Assigned task: Repeat each entry in the listing word for word.

========================================

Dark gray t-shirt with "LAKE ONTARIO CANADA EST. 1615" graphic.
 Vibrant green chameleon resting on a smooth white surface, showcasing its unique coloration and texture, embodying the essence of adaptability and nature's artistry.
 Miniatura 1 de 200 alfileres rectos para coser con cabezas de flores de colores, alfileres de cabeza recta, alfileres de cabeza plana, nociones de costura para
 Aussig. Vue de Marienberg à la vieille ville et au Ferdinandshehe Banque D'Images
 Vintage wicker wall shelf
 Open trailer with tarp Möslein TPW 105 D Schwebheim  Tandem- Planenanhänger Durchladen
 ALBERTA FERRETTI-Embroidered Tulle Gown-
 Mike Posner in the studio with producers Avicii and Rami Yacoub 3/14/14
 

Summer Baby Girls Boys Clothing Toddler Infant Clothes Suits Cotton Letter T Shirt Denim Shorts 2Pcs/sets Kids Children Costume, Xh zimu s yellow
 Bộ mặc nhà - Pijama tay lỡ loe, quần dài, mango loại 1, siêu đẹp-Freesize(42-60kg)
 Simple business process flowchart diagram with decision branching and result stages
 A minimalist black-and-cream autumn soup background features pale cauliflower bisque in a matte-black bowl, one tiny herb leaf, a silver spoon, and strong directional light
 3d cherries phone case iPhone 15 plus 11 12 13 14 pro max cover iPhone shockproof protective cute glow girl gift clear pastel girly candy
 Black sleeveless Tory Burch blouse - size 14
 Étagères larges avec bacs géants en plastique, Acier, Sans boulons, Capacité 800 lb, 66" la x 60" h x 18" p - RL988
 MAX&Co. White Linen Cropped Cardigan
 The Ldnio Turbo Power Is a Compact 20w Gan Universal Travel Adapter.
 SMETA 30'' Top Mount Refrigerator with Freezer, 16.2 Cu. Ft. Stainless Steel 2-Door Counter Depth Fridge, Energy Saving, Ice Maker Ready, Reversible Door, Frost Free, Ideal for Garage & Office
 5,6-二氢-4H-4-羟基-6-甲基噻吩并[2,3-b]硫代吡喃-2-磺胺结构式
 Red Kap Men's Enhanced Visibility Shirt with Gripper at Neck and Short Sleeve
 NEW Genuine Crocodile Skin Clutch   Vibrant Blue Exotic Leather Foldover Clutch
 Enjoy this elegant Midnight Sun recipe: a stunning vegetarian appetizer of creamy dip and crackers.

========================================

Exercise answer:
Dark gray t-shirt with "LAKE ONTARIO CANADA EST. 1615" graphic.
 Vibrant green chameleon resting on a smooth white surface, showcasing its unique coloration and texture, embodying the essence of adaptability and nature's artistry.
 Miniatura 1 de 200 alfileres rectos para coser con cabezas de flores de colores, alfileres de cabeza recta, alfileres de cabeza plana, nociones de costura para
 Aussig. Vue de Marienberg à la vieille ville et au Ferdinandshehe Banque D'Images
 Vintage wicker wall shelf
 Open trailer with tarp Möslein TPW 105 D Schwebheim  Tandem- Planenanhänger Durchladen
 ALBERTA FERRETTI-Embroidered Tulle Gown-
 Mike Posner in the studio with producers Avicii and Rami Yacoub 3/14/14
 

Summer Baby Girls Boys Clothing Toddler Infant Clothes Suits Cotton Letter T Shirt Denim Shorts 2Pcs/sets Kids Children Costume, Xh zimu s yellow
 Bộ mặc nhà - Pijama tay lỡ loe, quần dài, mango loại 1, siêu đẹp-Freesize(42-60kg)
 Simple business process flowchart diagram with decision branching and result stages
 A minimalist black-and-cream autumn soup background features pale cauliflower bisque in a matte-black bowl, one tiny herb leaf, a silver spoon, and strong directional light
 3d cherries phone case iPhone 15 plus 11 12 13 14 pro max cover iPhone shockproof protective cute glow girl gift clear pastel girly candy
 Black sleeveless Tory Burch blouse - size 14
 Étagères larges avec bacs géants en plastique, Acier, Sans boulons, Capacité 800 lb, 66" la x 60" h x 18" p - RL988
 MAX&Co. White Linen Cropped Cardigan
 The Ldnio Turbo Power Is a Compact 20w Gan Universal Travel Adapter.
 SMETA 30'' Top Mount Refrigerator with Freezer, 16.2 Cu. Ft. Stainless Steel 2-Door Counter Depth Fridge, Energy Saving, Ice Maker Ready, Reversible Door, Frost Free, Ideal for Garage & Office
 5,6-二氢-4H-4-羟基-6-甲基噻吩并[2,3-b]硫代吡喃-2-磺胺结构式
 Red Kap Men's Enhanced Visibility Shirt with Gripper at Neck and Short Sleeve
 NEW Genuine Crocodile Skin Clutch   Vibrant Blue Exotic Leather Foldover Clutch
 Enjoy this elegant Midnight Sun recipe: a stunning vegetarian appetizer of creamy dip and crackers.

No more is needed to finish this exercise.